Harga Minyak Terjun ke US$ 64, OPEC+ Jadi Biang Kerok!

Harga Minyak Terjun ke US$ 64, OPEC+ Jadi Biang Kerok!

Jakarta, CNBC Indonesia - Pada awal perdagangan hari Selasa, 1 Juli 2025, harga minyak dunia mengalami penurunan akibat kekhawatiran di pasar mengenai kemungkinan peningkatan produksi oleh OPEC+. Selain itu, ada juga ancaman tarif baru dari Amerika Serikat yang dapat mempengaruhi pertumbuhan ekonomi global.

Jika kenaikan produksi ini disetujui dalam pertemuan resmi yang dijadwalkan pada 6 Juli, maka itu akan menjadi yang keempat kalinya secara berurutan dalam satu bulan.
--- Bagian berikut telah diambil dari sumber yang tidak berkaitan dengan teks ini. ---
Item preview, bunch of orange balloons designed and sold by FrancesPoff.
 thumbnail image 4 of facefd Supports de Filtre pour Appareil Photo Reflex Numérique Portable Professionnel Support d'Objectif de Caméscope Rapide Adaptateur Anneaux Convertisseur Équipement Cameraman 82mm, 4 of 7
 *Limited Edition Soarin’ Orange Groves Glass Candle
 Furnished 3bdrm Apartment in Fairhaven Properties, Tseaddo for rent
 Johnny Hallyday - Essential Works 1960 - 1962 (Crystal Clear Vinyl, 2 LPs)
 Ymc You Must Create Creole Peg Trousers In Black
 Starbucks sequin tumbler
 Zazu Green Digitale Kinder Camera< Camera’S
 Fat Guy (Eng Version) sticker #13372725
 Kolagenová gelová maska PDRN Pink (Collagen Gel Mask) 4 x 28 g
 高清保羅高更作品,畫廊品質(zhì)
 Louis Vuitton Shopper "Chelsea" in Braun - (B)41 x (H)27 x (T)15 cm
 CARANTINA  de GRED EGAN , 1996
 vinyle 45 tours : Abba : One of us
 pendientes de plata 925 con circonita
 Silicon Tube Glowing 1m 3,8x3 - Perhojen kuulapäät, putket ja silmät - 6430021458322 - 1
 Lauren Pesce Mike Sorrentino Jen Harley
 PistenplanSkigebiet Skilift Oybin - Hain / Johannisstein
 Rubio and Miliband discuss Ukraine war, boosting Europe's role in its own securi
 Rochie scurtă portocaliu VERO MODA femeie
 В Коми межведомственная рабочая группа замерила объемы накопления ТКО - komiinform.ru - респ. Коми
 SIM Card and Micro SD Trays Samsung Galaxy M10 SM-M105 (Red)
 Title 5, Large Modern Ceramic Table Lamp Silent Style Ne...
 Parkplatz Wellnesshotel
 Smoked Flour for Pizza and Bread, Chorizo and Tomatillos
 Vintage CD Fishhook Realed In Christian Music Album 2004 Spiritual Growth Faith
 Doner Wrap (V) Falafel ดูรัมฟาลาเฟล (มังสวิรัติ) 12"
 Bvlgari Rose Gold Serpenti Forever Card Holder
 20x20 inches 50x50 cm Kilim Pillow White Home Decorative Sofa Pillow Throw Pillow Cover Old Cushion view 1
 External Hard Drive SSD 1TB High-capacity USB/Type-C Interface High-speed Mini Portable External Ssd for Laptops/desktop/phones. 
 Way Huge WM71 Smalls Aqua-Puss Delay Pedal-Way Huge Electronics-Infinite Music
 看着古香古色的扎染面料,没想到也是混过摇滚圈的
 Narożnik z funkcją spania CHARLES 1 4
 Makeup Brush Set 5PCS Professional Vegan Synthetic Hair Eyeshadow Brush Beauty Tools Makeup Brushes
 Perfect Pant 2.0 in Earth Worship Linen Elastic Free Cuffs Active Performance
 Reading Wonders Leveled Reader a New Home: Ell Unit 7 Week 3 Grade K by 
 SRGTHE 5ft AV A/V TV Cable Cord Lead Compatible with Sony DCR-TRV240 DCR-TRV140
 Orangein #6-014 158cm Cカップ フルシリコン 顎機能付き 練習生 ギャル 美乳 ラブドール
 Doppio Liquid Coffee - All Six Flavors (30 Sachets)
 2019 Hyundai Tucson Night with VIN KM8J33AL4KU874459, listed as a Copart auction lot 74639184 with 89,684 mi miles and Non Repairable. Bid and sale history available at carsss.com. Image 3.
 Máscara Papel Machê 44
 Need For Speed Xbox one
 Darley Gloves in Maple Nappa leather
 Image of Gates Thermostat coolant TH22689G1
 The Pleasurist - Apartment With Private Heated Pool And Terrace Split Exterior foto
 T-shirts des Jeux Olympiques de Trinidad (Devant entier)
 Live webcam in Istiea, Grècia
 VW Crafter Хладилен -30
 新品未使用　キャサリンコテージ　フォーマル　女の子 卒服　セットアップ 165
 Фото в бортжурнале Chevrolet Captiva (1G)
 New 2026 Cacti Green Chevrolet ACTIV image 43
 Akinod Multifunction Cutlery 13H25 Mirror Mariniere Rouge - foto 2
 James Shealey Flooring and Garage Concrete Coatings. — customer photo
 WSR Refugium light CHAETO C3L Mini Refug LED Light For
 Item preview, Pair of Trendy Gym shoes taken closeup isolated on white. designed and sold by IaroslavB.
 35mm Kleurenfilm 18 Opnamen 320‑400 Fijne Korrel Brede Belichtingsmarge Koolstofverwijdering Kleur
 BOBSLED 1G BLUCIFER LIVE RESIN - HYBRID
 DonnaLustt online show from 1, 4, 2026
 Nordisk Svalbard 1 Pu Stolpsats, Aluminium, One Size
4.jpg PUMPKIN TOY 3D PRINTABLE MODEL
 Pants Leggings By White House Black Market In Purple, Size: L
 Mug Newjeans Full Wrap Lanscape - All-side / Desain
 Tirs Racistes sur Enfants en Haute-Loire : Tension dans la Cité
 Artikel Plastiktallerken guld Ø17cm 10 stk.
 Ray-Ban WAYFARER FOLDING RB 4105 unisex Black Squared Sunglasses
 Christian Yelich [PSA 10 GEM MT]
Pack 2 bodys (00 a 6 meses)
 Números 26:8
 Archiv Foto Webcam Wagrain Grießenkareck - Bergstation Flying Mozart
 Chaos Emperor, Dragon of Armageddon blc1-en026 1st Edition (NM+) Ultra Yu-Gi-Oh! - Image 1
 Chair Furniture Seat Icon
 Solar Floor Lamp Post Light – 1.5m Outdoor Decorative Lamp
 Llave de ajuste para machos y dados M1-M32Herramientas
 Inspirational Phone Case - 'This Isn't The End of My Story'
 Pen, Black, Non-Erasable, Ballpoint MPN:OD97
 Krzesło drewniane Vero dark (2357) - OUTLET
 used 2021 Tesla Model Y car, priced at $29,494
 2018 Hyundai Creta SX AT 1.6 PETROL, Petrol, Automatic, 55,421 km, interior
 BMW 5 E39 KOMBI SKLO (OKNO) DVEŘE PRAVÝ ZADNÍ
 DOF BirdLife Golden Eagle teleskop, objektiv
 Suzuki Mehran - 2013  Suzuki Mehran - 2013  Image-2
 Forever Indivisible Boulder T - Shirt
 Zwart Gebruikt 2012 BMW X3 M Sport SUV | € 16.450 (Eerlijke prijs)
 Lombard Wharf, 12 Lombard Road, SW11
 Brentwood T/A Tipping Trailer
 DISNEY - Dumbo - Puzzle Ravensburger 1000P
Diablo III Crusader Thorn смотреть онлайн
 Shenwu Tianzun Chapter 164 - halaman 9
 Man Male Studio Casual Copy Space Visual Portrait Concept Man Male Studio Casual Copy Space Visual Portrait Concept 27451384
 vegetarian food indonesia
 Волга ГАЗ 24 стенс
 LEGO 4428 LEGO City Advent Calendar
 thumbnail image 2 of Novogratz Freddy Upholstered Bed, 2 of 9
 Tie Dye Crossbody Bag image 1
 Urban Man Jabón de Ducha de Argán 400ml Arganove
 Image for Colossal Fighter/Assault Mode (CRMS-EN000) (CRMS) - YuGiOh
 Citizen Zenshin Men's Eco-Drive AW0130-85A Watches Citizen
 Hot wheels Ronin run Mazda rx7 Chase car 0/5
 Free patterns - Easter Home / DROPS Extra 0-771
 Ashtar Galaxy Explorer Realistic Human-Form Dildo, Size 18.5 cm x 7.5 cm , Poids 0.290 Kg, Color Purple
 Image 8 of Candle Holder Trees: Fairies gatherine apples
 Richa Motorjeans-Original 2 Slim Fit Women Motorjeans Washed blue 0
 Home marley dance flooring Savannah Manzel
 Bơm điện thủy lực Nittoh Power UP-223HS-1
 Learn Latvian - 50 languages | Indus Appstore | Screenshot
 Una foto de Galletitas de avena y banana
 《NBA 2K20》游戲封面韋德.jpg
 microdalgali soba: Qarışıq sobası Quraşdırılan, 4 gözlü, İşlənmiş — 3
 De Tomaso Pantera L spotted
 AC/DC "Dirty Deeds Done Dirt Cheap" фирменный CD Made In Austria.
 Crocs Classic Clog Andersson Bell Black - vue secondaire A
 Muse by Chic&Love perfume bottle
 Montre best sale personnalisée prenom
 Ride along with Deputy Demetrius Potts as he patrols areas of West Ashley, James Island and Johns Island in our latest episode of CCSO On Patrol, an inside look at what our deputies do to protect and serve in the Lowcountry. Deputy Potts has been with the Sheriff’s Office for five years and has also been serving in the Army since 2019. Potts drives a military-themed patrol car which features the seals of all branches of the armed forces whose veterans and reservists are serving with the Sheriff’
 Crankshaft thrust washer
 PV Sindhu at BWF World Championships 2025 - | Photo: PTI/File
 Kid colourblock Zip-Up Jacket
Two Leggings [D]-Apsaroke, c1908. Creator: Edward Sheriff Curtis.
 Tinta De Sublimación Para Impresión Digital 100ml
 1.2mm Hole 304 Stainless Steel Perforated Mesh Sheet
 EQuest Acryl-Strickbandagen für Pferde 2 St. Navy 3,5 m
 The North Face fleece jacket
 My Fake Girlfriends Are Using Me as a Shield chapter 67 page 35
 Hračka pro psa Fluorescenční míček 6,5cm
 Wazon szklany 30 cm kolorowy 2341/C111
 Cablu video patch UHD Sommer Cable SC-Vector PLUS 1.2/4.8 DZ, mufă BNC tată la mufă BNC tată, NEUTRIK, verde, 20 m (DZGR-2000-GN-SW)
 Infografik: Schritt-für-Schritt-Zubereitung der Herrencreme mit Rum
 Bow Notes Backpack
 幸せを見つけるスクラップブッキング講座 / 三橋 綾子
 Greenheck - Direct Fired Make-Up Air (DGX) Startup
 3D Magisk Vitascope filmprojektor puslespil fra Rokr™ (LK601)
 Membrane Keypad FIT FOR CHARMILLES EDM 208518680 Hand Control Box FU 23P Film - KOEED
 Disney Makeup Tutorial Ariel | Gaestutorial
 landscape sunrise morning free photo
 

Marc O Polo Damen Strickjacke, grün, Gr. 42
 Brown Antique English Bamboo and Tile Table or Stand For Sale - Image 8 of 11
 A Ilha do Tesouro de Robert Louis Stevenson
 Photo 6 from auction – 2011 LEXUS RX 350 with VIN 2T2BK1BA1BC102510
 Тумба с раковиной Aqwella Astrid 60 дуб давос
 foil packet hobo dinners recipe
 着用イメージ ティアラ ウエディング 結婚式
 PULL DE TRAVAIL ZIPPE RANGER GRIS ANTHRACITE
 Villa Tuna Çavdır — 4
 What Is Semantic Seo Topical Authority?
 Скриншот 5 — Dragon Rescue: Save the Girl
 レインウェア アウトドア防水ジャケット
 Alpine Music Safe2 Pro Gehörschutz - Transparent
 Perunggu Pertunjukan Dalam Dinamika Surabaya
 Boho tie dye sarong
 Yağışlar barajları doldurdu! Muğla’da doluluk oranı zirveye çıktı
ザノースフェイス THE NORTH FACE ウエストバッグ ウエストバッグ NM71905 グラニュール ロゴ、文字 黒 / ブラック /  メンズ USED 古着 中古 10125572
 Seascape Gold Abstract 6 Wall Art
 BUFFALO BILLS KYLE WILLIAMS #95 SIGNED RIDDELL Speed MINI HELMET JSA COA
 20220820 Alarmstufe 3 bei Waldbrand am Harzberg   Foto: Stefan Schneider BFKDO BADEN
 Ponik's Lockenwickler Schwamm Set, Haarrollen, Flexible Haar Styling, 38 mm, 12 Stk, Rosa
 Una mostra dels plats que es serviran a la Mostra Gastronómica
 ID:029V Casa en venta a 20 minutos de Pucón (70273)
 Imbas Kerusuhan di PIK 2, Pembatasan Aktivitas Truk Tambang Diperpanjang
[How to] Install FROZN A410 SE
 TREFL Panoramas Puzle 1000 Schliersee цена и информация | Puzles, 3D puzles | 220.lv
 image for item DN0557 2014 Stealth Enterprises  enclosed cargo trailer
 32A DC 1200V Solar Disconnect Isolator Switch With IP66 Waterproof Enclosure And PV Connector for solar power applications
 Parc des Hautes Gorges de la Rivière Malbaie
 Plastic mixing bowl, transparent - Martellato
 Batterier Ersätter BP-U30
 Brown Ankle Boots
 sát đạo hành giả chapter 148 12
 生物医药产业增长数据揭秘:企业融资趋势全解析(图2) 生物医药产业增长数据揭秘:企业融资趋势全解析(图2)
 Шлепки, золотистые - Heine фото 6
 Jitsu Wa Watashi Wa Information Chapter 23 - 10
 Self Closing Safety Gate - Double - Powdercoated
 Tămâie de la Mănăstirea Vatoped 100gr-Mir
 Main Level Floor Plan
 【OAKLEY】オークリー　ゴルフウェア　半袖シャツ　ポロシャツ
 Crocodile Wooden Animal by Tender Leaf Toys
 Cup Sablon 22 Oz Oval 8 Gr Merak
Kenaikan tersebut dapat menambah total pasokan minyak baru untuk tahun 2025 menjadi 1,78 juta barel per hari (bph), yang berarti lebih dari 1,5% dari total permintaan global.

Sementara itu, pelaku pasar juga memperhatikan tenggat waktu 9 Juli, ketika AS dijadwalkan untuk menerapkan tarif baru pada sejumlah barang impor. Ketidakpastian ini menambah tekanan pada proyeksi permintaan energi di tingkat global. Menteri Keuangan AS, Scott Bessent, bahkan memperingatkan bahwa tarif tersebut bisa mencapai 50%, walaupun negosiasi dagang masih berlangsung.

Beberapa waktu lalu, ketegangan geopolitik sempat mendorong harga minyak melonjak tajam. Namun, menurut data dari Refinitiv, harga minyak Brent untuk kontrak September turun sekitar 0,24% menjadi US$66,58 per barel, sedangkan minyak West Texas Intermediate (WTI) mengalami penurunan 0,31% menjadi US$64,91 per barel.

Berdasarkan proyeksi harga, Morgan Stanley telah memangkas estimasi harga minyak Brent menjadi kisaran US$60 per barel pada awal 2026, dengan prediksi surplus pasokan mencapai 1,3 juta bph tahun depan yang diikuti dengan meredanya risiko geopolitik global. Penurunan harga ini terjadi setelah kabar bahwa aliansi OPEC+ berencana untuk meningkatkan produksi kembali pada bulan Agustus mendatang.

Walau ketegangan politik mereda, analis memperingatkan bahwa volatilitas pasar minyak tetap tinggi dalam waktu dekat. Fokus utama saat ini adalah menjaga keseimbangan antara sinyal peningkatan produksi dengan potensi penurunan permintaan global, seperti yang diungkapkan oleh analis energi dari JP Energy Research kepada Business Today.